German labour courts recognize a doctrine of beredtes Schweigen — eloquent silence. Where a role customarily mentions a quality, leaving it out is itself criticism: a sales reference with no word on customer relationships, a management reference with no leadership section, a pressured role with no mention of resilience. What’s missing can matter as much as what’s written.
(Length works the same way, loosely — there’s no legal standard, but a long-tenured employee dismissed in a few short sentences signals minimal goodwill. Treat length as a hint, not proof.)
What to do with yours
- Decode it before you rely on it. If it grades you below “good” (grade 2) and you disagree, you can request a correction — the benchmark is that the employer must justify a below-average grade.
- Formal defects — spelling errors, no letterhead, a missing or non-original signature, odd punctuation used for emphasis — are grounds to demand a re-issue.

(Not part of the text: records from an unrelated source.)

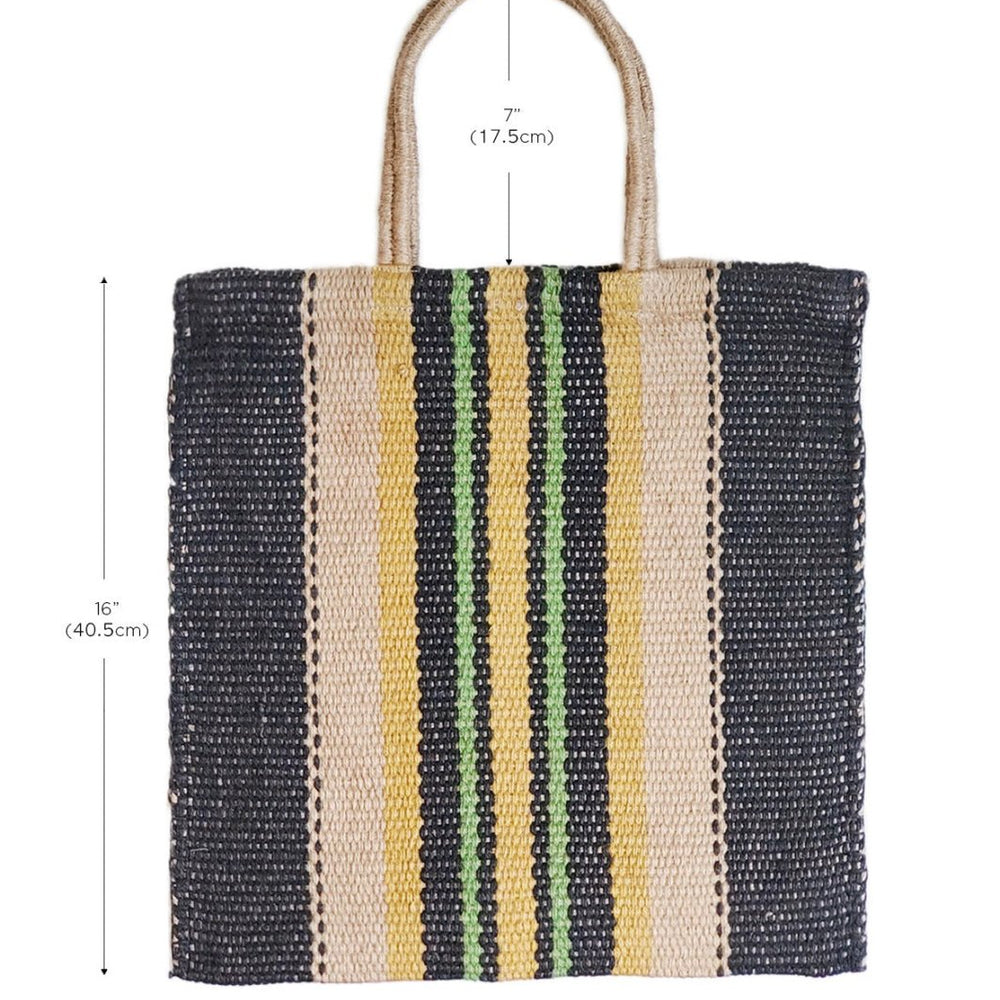 
                      
                        KORISSA Dora Jute Tote Bag - Multi Navy - lily & onyx
                      
                    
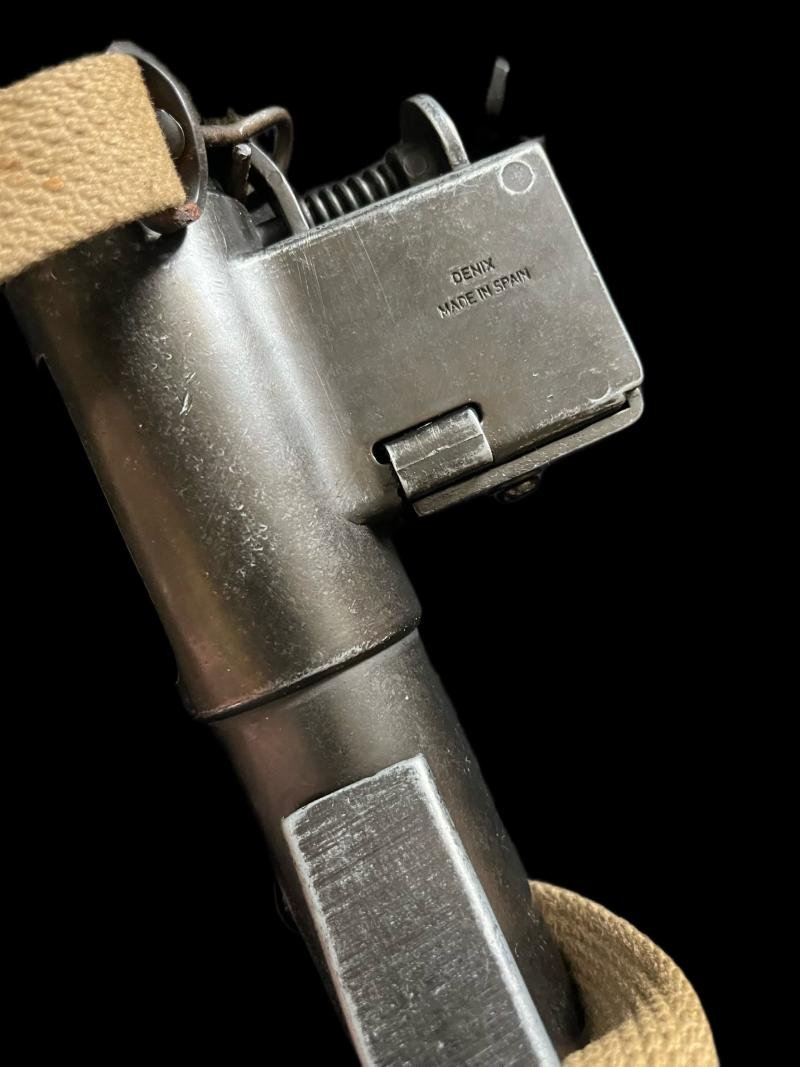 DENIX WW2 STEN MK.II SILENCER SMG & SPARE STOCK — image 6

- No Arbeitszeugnis at all? Completely normal for internationals — Anglo employers write informal reference letters, not regulated certificates. Attach those, or name referees you’ve briefed in advance (never list someone cold), and say so on your CV.
Applying with what you’ve got
Whether your references are German-coded or Anglo-informal, JACVault builds an application around your real record — a German-standard CV and cover letter tailored to each role. Your first application is free.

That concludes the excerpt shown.